Is there a reason you've used so many pen names over the years?
It was always a business decision. There were times when I was writing for two or three different publishing houses and they each demanded a different name. They wanted to tie up a particular name.

You're still using three different names for your novels.
Yes, I've been using those three names for three years. The market changes from season to season. One season, the Amanda Quick name works better; and the next season, Jayne Castle takes off. I want to leave one or two names behind, but as long as they work, I'll keep using them. They allow me to take my core stories into three different landscapes or subgenres. I find it refreshing to move among my three worlds.

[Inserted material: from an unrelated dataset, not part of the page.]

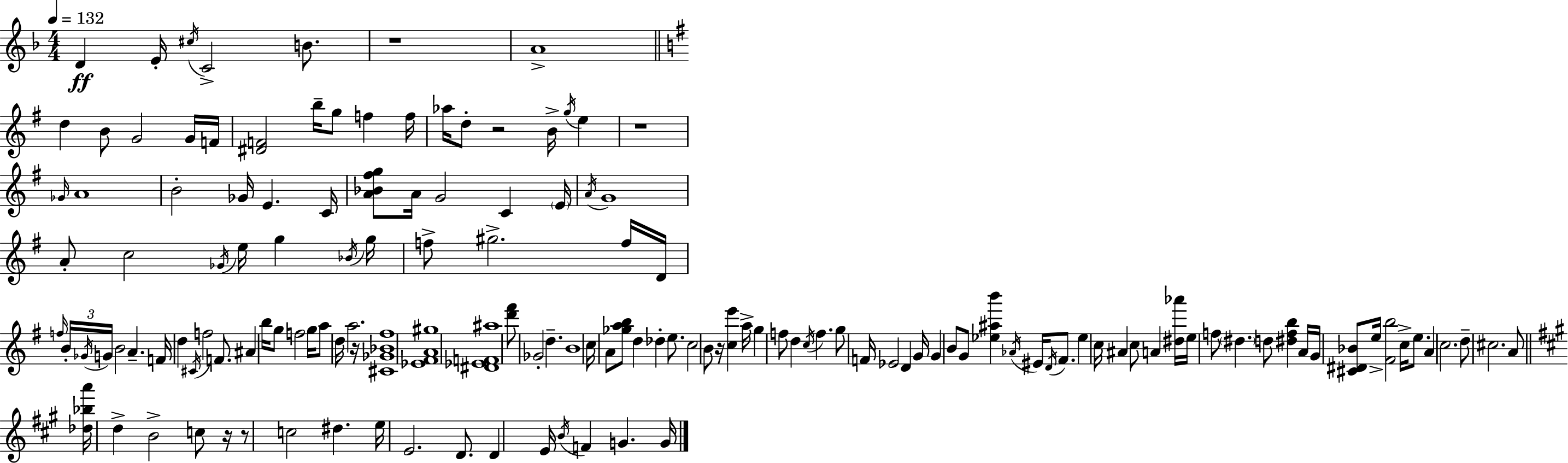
D4/q E4/s C#5/s C4/h B4/e. R/w A4/w D5/q B4/e G4/h G4/s F4/s [D#4,F4]/h B5/s G5/e F5/q F5/s Ab5/s D5/e R/h B4/s G5/s E5/q R/w Gb4/s A4/w B4/h Gb4/s E4/q. C4/s [A4,Bb4,F#5,G5]/e A4/s G4/h C4/q E4/s A4/s G4/w A4/e C5/h Gb4/s E5/s G5/q Bb4/s G5/s F5/e G#5/h. F5/s D4/s F5/s B4/s Gb4/s G4/s B4/h A4/q. F4/s D5/q C#4/s F5/h F4/e. A#4/q B5/s G5/e F5/h G5/s A5/e D5/s A5/h. R/s [C#4,Gb4,Bb4,F#5]/w [Eb4,F#4,A4,G#5]/w [D#4,Eb4,F4,A#5]/w [D6,F#6]/e Gb4/h D5/q. B4/w C5/s A4/e [Gb5,A5,B5]/e D5/q Db5/q E5/e. C5/h B4/e R/s [C5,E6]/q A5/s G5/q F5/e D5/q C5/s F5/q. G5/e F4/s Eb4/h D4/q G4/s G4/q B4/e G4/e [Eb5,A#5,B6]/q Ab4/s EIS4/s D4/s F#4/e. Eb5/q C5/s A#4/q C5/e A4/q [D#5,Ab6]/s E5/s F5/e D#5/q. D5/e [D#5,F5,B5]/q A4/s G4/s [C#4,D#4,Bb4]/e E5/s [F#4,B5]/h C5/s E5/e. A4/q C5/h. D5/e C#5/h. A4/e [Db5,Bb5,A6]/s D5/q B4/h C5/e R/s R/e C5/h D#5/q. E5/s E4/h. D4/e. D4/q E4/s B4/s F4/q G4/q. G4/s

Is it accurate to say you created the futuristic romance subgenre with the novel Sweet Starfire?
People credit me with that, but I got the idea from Anne McCaffrey.

The erotic scenes in Trust No One are done very artfully. Will you talk about writing erotica?
To an extent, it's like writing violent scenes. The trick is to remember that what happens physically isn't the important thing. What matters most is the emotional element. It's crucial to depict the emotions with which the characters enter the scene, and those they have at its conclusion. The erotic scene should be a life-changing event. It should add to the progress of the romance itself, in the same way an act of violence must trigger the next step in a thriller novel. In order to rise above the level of prurience, the erotic scene must demonstrate growth--in either character development or the novel's plot.

You've had such writing success for years. What about the writing life has surprised you?
What surprises me is the fact that today, authors get stuck with so much of the marketing end of publishing. It wasn't the case when I started out. I think it's because of the chaos in the industry now. Publishers used to get your book into bookstores and they did the marketing. But today, with so much happening online, the reality is that most writers are forced to do a great deal of their own marketing.

What do you love about the writing life?
I just love seeing a scene come together on the page. I live from scene to scene. If I actually sat down and thought about the fact that I've got five hundred pages to go, I'd be doomed before I started. Each scene, for me, is a little story unto itself. When I get that scene just right, I feel so good.

If you could have dinner with any five people from history or literature, living or dead, who would they be?
Any five from the stable of writers who wrote the Caroline Keene Nancy Drew books, my favorite and formative series.

Congratulations on writing Trust No One, a contemporary romantic-suspense novel that's certain to appeal to millions of people.